The two basic methods to generate complete displays are:
1. Bitmap. This is the simplest of the display drivers to write and use. All one does is dedicate the RAM, and put the pixels there however it makes best sense. Graphics_Demo.spin does this. Bitmaps can be linear or stacked tiles too. Just a matter of a little code difference in the main pixel drawing loops. Multiple COGS can contribute to the display drawing, with only display regions or draw order considerations being necessary as the display buffer and data are shared.
2. Scan line drivers. With this technique, the various COGS all build up a scan line of the desired display, with one primary COG drawing those scan lines out to the screen. Multiple scan line buffers then mean multiple COGS contributing. Advanced tile and sprite displays are possible. One of many of these is in my signature. There are lots of examples of this technique really showing off the chip! Because it's a dynamically drawn scheme, RAM consumption can be very lean, yet resolution and color depth and motion high. It is likely the most complex.
Most drivers out there are some variation of these two ideas, sometimes combining them both, depending on RAM and display requirements.
One thing to consider is the Propeller is very fast. It is entirely possible to update absolute color values used in the HUB with one COG, while another draws them, in effect producing the "red" to "blue" through brute force. The parallel processing capabilities makes this actually viable as draw rates are often plenty fast for that kind of thing to be transparent to the viewer.
Thanks again
But this is the Propeller and nothing is impossible...
- you can use more than 8 pins for vga
- you can use use more than one cog to drive this
- you can add external memory for frame buffer.

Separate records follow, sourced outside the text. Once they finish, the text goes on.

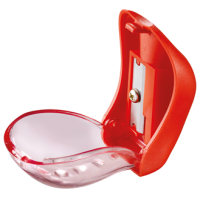 Чинка пластикова з контейнером MAPED Bulbo (MP.507100)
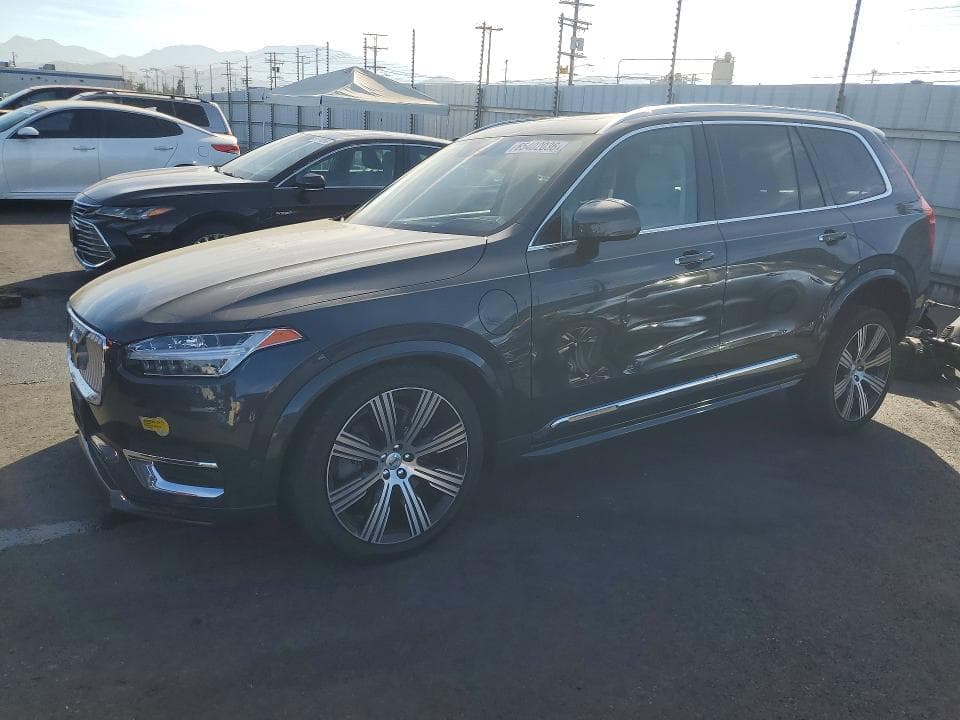2022 VOLVO XC90 T8 RECHARGE INSCRIPTION - 1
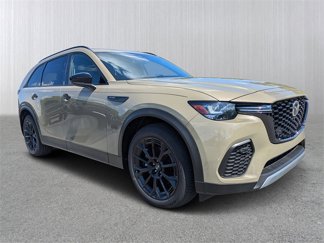 New 2025 MAZDA CX-70 3.3 Turbo w/ Premium Plus Pkg image 1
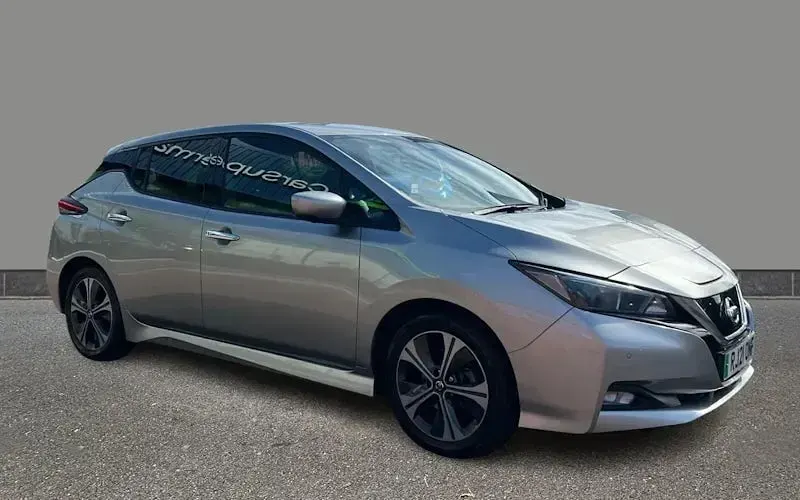 Used Nissan Leaf N-Connecta 110 kW (150 HP) 2021 Hatchback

- and at last you can add a second Propeller chip; then one of them can do only display task.
http://forums.parallax.com/showthread.php?142227-Does-the-quot-graphics-quot-object-ONLY-work-with-TV
When the Propeller was released Chip Gracey had written a few demonstration programs. This one is a simple graphics demonstration. It's often ignored as it seems dull at first glance, but there are some really great features in this code. Let me list off a few:
1. Separate graphics library COG. All draw commands happen on a secondary COG. Truth is, one can run several of these draw COGS together, each working on a screen region for insane pixel fill rates. Single buffer, animated displays are totally possible, and even with one COG doable.
2. Tile / bitmap display. This is reminiscent of the C64 and other character based computers that did not use a linear bitmap arrangement. The screen is broken into 16x16 or 16x32 tiles, and each tile gets one of 64 possible 4 color palettes. These offer color redirection, meaning you can change the palette entries individually, color cycling pixels in tiles that are assigned that particular palette. Lots of cool palette effects are possible here, and tiles can be reused throughout the screen too.
3. Variable display scaling. One can trade off resolution, screen detail, tiles and such with a lot of flexibility.
The original was for TV, and in my signature you will find the TV one commented to explain the colors and tiles and palettes better. The ideas map right over to VGA, but for the color values which are different.
pik33 is totally right too. Props can do tons of things! If you want to dynamically draw the display, sprites, tiles, color cycling, screen "mode" changes, video overlay (two video generators output to the same pins) and all sorts of other trickery is possible.